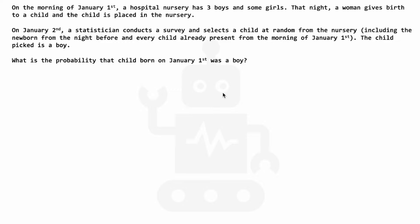On the morning of January 1st, a hospital nursery has three boys and some girls. That night, a woman gives birth to a child and the child is placed in the nursery. On the 2nd of January, a statistician conducts a survey and selects a child at random from the nursery. This includes the newborn from the night before and every child already present from the morning of January 1st. The child that is picked randomly turns out to be a boy. What is the probability that the child born on January 1st was a boy?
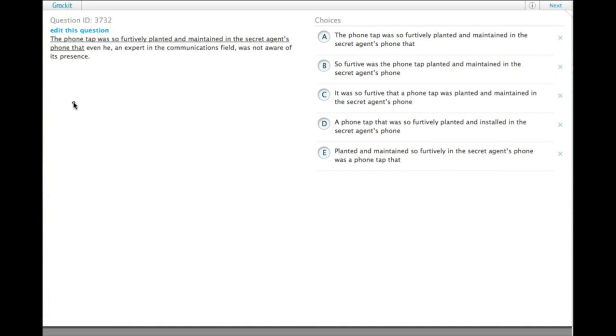The phone tap was so furtively planted and maintained in the secret agent's phone that even he, an expert in the communications field, was not aware of its presence.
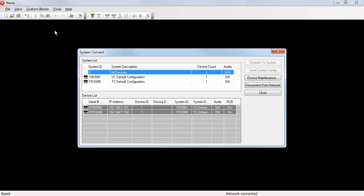In the system connect window, we can see all of the various systems that exist on this physical network. In this case, there are two different systems.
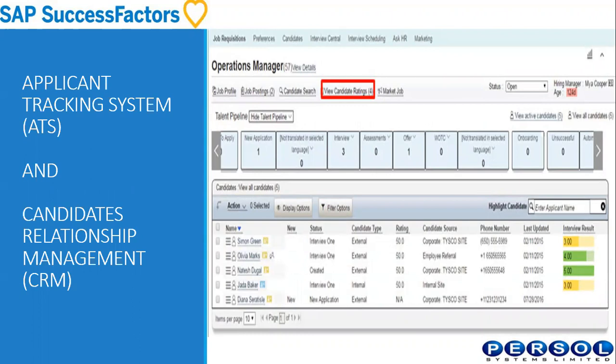As an applicant tracking system, recruiting management enables the recruiter and the applicant to keep track of the recruiting process. After the system has been configured to meet the recruiting processes of the organization, the recruiter can move candidates through the talent pipeline. Candidates can then see which stage of the recruiting process they are in by logging into the careers portal to check the status of their application, hence reducing the number of calls candidates make to recruiters significantly.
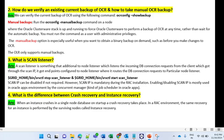From 11g R2 onward, OCR backup happens automatically every three hours. But if you are using a previous version before 11g R2, you have to go for manual backup. Also, if you are performing any changes at the OCR level, you should take a manual backup rather than waiting three hours. The manual backup option is especially used when you want to obtain a binary backup on demand, such as before you make a change on OCR.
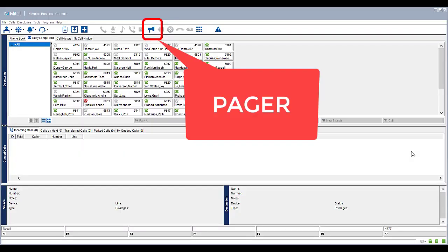Pager can be used to page from the console to different extensions and areas within the business. This needs to be configured — speak to your system IT administrator.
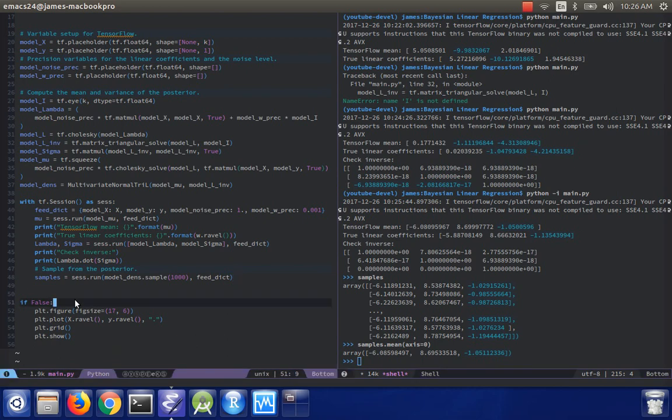So anyway, thank you guys for watching. That's about it. In this video, we saw how to implement the posterior of a Bayesian linear regression in TensorFlow. And we also saw a few numerical computing techniques that we can use to make sure that our calculations are stable.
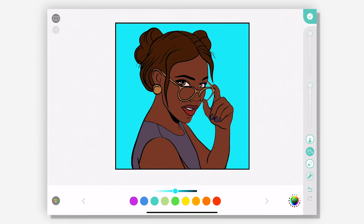Hey everyone, Britton here. I'm going to show you how to use the airbrush tool to create a gradient effect and also do shading and highlighting.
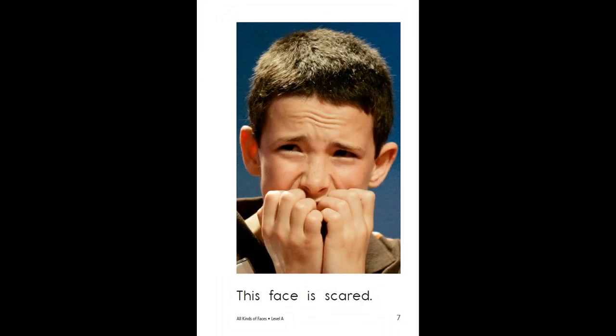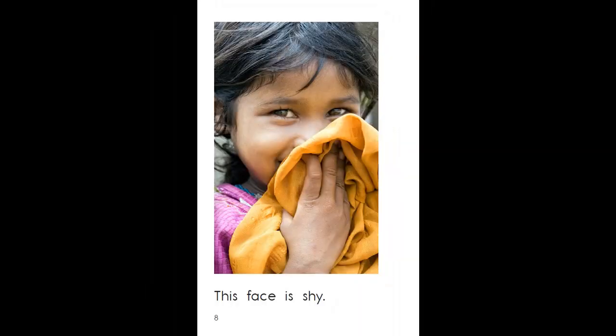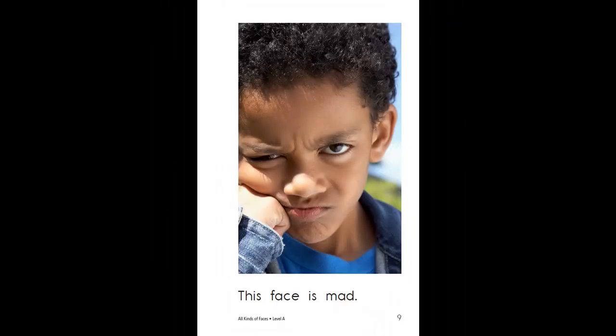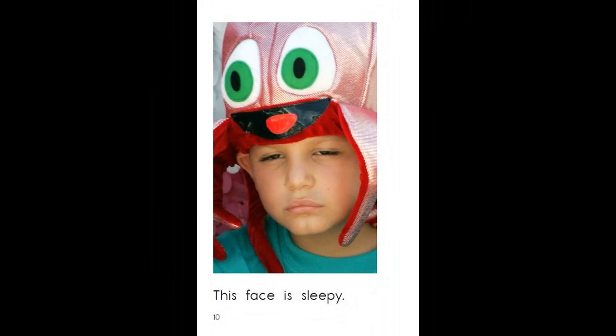This face is scared. This face is shy. This face is mad. This face is sleepy.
----------------
**Task prompt**
What is needed is an exact restatement of every line from the line containing "In the system" through the last line of the records, minus any pictures.

**Exercise response**
In the system connect window, we can see all of the various systems that exist on this physical network. In this case, there are two different systems.
As an applicant tracking system, recruiting management enables the recruiter and the applicant to keep track of the recruiting process. After the system has been configured to meet the recruiting processes of the organization, the recruiter can move candidates through the talent pipeline. Candidates can then see which stage of the recruiting process they are in by logging into the careers portal to check the status of their application, hence reducing the number of calls candidates make to recruiters significantly.
From 11g R2 onward, OCR backup happens automatically every three hours. But if you are using a previous version before 11g R2, you have to go for manual backup. Also, if you are performing any changes at the OCR level, you should take a manual backup rather than waiting three hours. The manual backup option is especially used when you want to obtain a binary backup on demand, such as before you make a change on OCR.
Pager can be used to page from the console to different extensions and areas within the business. This needs to be configured — speak to your system IT administrator.
So anyway, thank you guys for watching. That's about it. In this video, we saw how to implement the posterior of a Bayesian linear regression in TensorFlow. And we also saw a few numerical computing techniques that we can use to make sure that our calculations are stable.
Hey everyone, Britton here. I'm going to show you how to use the airbrush tool to create a gradient effect and also do shading and highlighting.
This face is scared. This face is shy. This face is mad. This face is sleepy.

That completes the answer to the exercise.